Akademik hayatın şartları, kuralları çok değişiyor. Ben başlayalı 24 yıl olmuş, o günden bu yana siz başka kurallarla akademik hayatın işindeydiniz şimdi başka. Ben başlarken yardımcı doçent olmak için kurallar yoktu, doktora bitiriyordu insanlar. Sonra yayınlar çıktı, puanlar çıktı. İnsanlar sadece rakamlarla ifade edilir oldu. Senden 6 ay önce yardımcı doçent olmuş hiçbir şeysiz; 6 ay sonra dedi ki senden şunu şunu istiyorum. Bunlar kolaycı insanları, her insanı değil ama kolaycı insanları bir takım şeylere sevk etti. Ben 25 yıldır içindeyim en az 5-10 kere değişmiştir. Çok sık değişiyor bizim ülkemizde, her şeyde olduğu gibi tabii. Oturmadı daha akademik hayatın standartları (KSA2-1). 1.7.2. Kanun ve Düzenlemelerde Yazılı - Uygulama Farkı

Analizlerde ortaya çıkan diğer bir husus ise kanun ve düzenlemelerin genellikle kâğıt üzerinde kaldığı, uygulamaya yansıtılamadığı algısıdır. Akademinin gerçeği ile kanunlarda çizilen çerçevenin uyuşmadığı düşünülmektedir.

173

Sanki şu anda ideal daha belirgin gibi; daha kuralları konuldu gibi görünüyor; YÖK’ün çıkardığı düzeneklerle sanki çizildi gibi gözüküyor. Üst çerçeve mükemmel, herkesin haberi oldu ama içi çok boşaldı. Bunlar olurken ben içinin boşaldığını düşünüyorum. Aslında şu 25 yıllık süreç içerisinde çerçevenin daha iyi çizildiğini düşünüyorum ama içinin çok boşaldığını düşünüyorum (KSA2-1).

Kanunlar ile çizilen çerçeve ile gerçekte var olan akademik ortam arasındaki uyumsuzluğun en önemli nedenleri olarak, düzenlemelerin genellikle yurt dışındaki uygulamalar dikkate alınarak ülke gerçeğinden bağımsız bir şekilde yapılması ve uygulamaya yönelik yeterli denetimin yapılmıyor olması gösterilmektedir.

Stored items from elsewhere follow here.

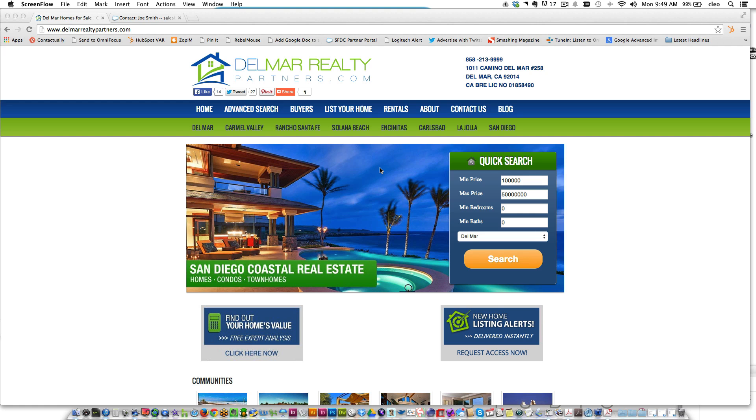The IDX integration that we've put into our leading agent cloud-based real estate CRM is wonderful in the sense that it's going to give you full insight as to what your leads are doing on your website.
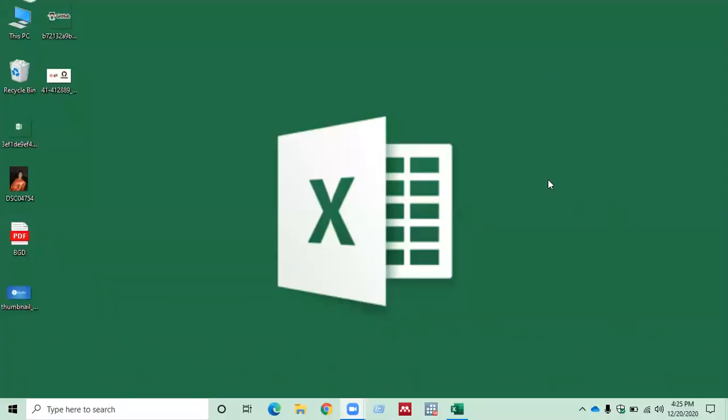Hello everyone, good evening and welcome back to my channel. In this lesson you will learn how to remove duplicates using Excel.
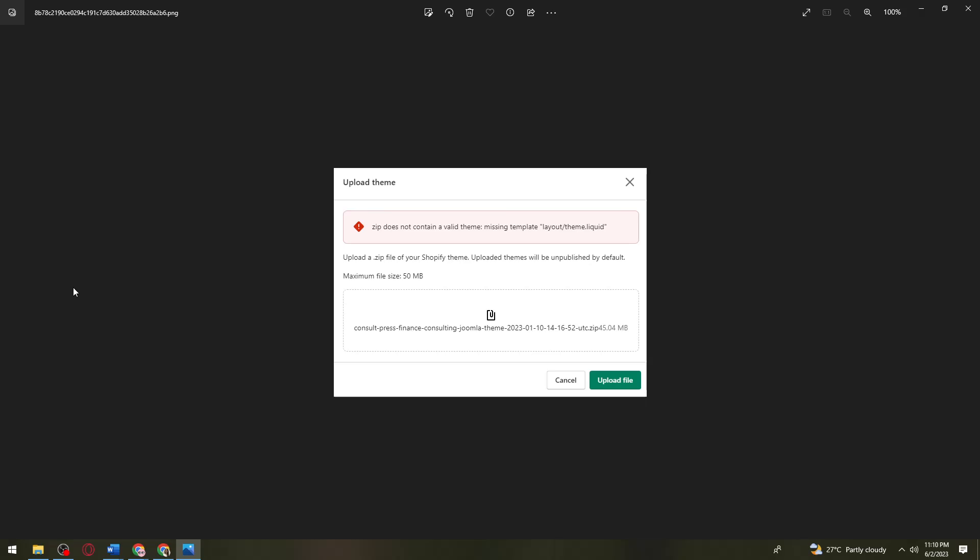Under that, you should see the theme.liquid file. Just navigate that and check it. Once you've done that, this should fix the Shopify missing template layout or theme.liquid.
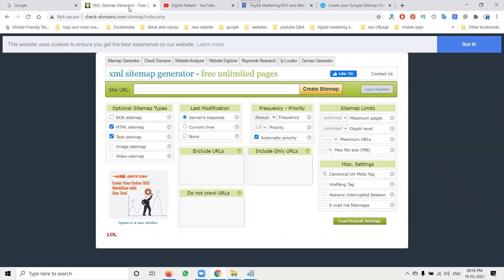The URL is checkiphonedomains.com/sitemap/index.php — this URL will help you download an XML sitemap for unlimited pages. The purpose of an XML sitemap: it helps generate site links in Google Search, shows what pages are being crawled, and records when pages were last modified.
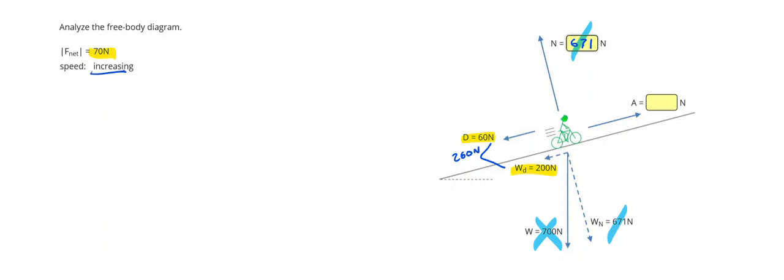Which means I need an extra 70 Newtons acting forward, or a total of 260 plus 70, 330 Newtons is the force the bicyclist is pedaling with.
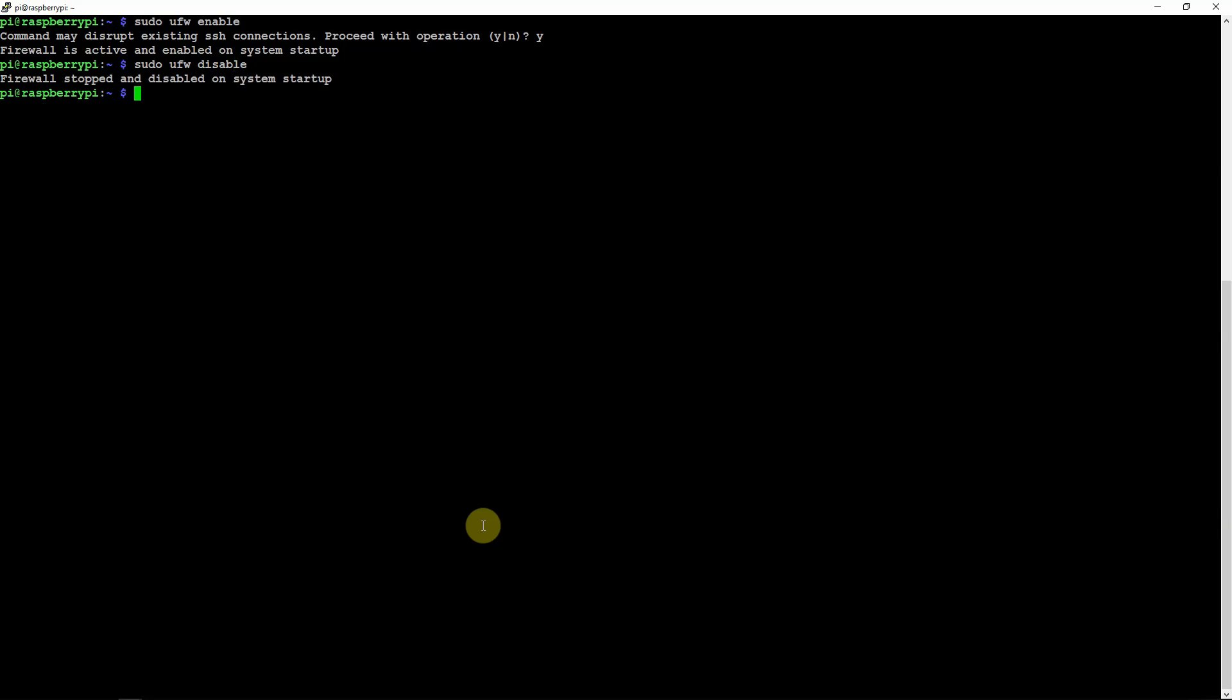Now if you want to allow a particular port, like SSH port 22, you can do sudo UFW allow 22.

Biz de uymaya çalışıyoruz herhalde biraz o akademik kriterlere o Avrupadakilere falan, bir yerlerden bakıp süzgeçten geçirip almışlar kanun maddeleri gibi. Resmiyette yapıyoruz da bunu ama uygulanırken değişiyor tabii (KSA1-1)

Bir sistem geliştiriyoruz belki ama dönüp arkaya bakmıyoruz. İşte bu istasyona tren geliyor mu tren geçiyor mu buradan bakmıyoruz. Yaptım ama çürüdü mü yıkıldı mı çok fazla bakmıyoruz (EM2-1).

Analizlerde, kanunların uygulanmasının kişisel inisiyatife açık olduğu ve bunun zaman zaman adaletsiz uygulamalara olanak sağladığı algısı ortaya çıkmıştır. Kâğıt üzerindeki düzenlemelerin kişisel yoruma ve inisiyatife açık olduğu durumlarda bunların gerçeğe olması gerektiği gibi yansımayabildiği inancı görülmektedir.

Kanunlar yönetmelikler kişilerin uygulamasına kalmış artık. Sana geliyor kanuna bu pencereden bakıyor, bana geliyor şu pencereden bakıyor (ESA1-1).

Herkese eşit davranılmaması meslekte bu sıkıntı, bu çok büyük sıkıntı. Bu her yerde ama böyle. Sizin iki tane çocuğunuz var; birini sürekli azarlayıp birini sürekli severseniz o azarladığınız çocuk sürekli agresif olur ve der yani ne oluyor acaba ben bu aileden değil miyim diye (ESA2- 2).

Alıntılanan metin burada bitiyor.